Believe me when I tell you son, that in this case, I am the barrier and I will kill you if you so much as THINK about sex with my daughter!

RULE FIVE:
It is usually understood that in order for us to get to know each other we should talk about sports, politics and other issues of the day. Please do not attempt to do this.
The only information I expect or require from you, is when you expect to have my daughter safely back at my house.

RULE SIX:
I have no doubt you are a popular fellow, with many opportunities to date other girls. This is fine with me as long as it is OK with my daughter. Otherwise, once you have gone out with my little girl, you will continue to date no one but her until she is finished with you.
If you make her cry, I will make you cry.

RULE SEVEN:
As you stand in my hall way, (for you will not be invited in further)waiting for my daughter to appear, if an hour goes by, do not sigh and fidget.
Do something useful, like change the oil in my car, cut the grass or brush the dog!

RULE EIGHT:
The following places are not appropriate for a date with my daughter;
Anywhere where there are beds, sofas or anything softer than a wooden stool.
Anywhere where there are no parents, police or nuns.
Anywhere where there is dancing, holding hands or happiness.
Romantic movies are to be avoided.
Football matches are OK. Old folks homes are better.

RULE NINE:
Do NOT lie to me.
I may appear to be a potbellied, balding, middle-aged, dim-witted has-been.

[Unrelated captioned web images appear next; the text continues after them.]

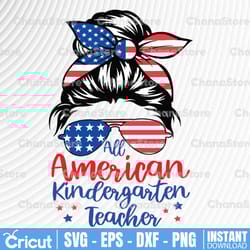 all american kindergartenteacher svg cut file for cricut patriotic messy bun svg sunglasses american flag 4th ofjuly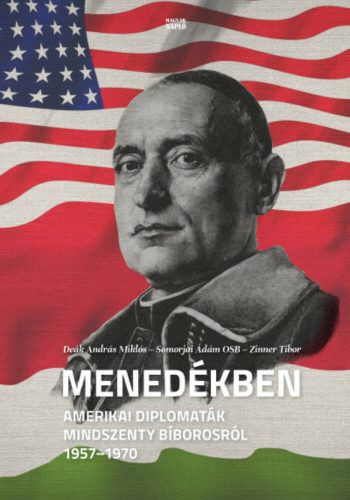 Menedékben - Amerikai diplomaták Mindszenty bíborosról 1957-1970 (Deák András Miklós)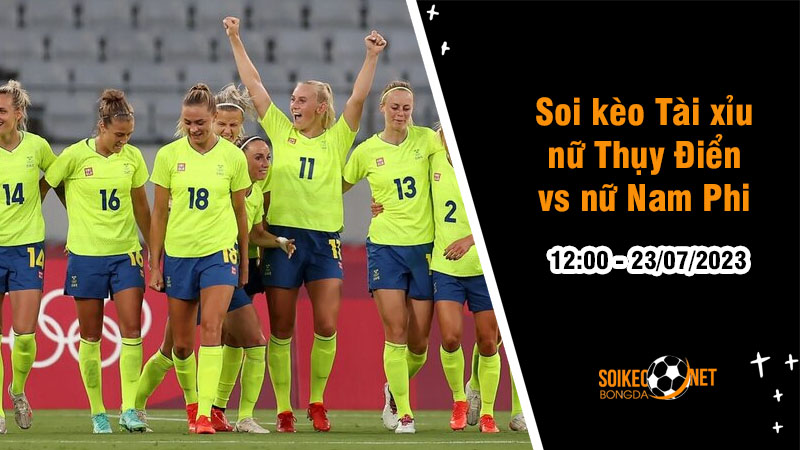 Soi tỷ lệ kèo tài xỉu trận nữ Thụy Điển vs nữ Nam Phi, 12h ngày 23/7 - Ảnh 1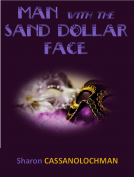 book cover for Man with the Sand Dollar Face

But on issues relating to my daughter I am the all-knowing merciless god of your universe. If I ask where you are going and with whom, you have one chance to tell me the truth.
I have a shotgun, a shovel and five acres behind the house. Do not trifle with me.

RULE TEN:
Be afraid son!
Be very afraid.
It could take very little for me to mistake the sound of your car in my driveway for that of a chopper coming over a cow infested field in the pissing rain in Armagh. When my flash-backs start acting up, the voices in my head frequently tell me to clean the guns, grinning insanely as I wait for you to bring my little girl home.

RULE ELEVEN:
As soon as you pull onto my driveway, for your own safety, immediately exit your car and announce in a loud, clear voice that you have brought my daughter home early then return to your car. There is no need for you to linger, walk her to the door or come inside.
You can rest assured as to her safety from here-on in. The camouflaged, baseball bat wielding face at the window is mine.
 
I think you've covered that quite well.

I told my husband to make sure he's cleaning his guns when our daughter starts to date.
 
Oh my god! Now I know why my father got his ideas!!!! :eek:
 
Ah, brings back first date memories...

bone-crunching handshake, deeper-than-usual voice intoning, "This is our daughter and we love her very, very much."

:D
 
Ok, here's a list from me. I thought this was VERY funny (although obviously they don't all apply to me - see some of the things for age 31. Hahahahahaaaaaaa!! :p ) Lou xxx

What I Want in a Man, Original List (age 21)

1. Handsome
2. Charming
3. Financially successful
4. A caring listener
5. Witty
6. In good shape
7. Dresses with style
8. Appreciates finer things
9. Full of thoughtful surprises
10.An imaginative, romantic lover

What I Want in a Man, Revised List (age 31)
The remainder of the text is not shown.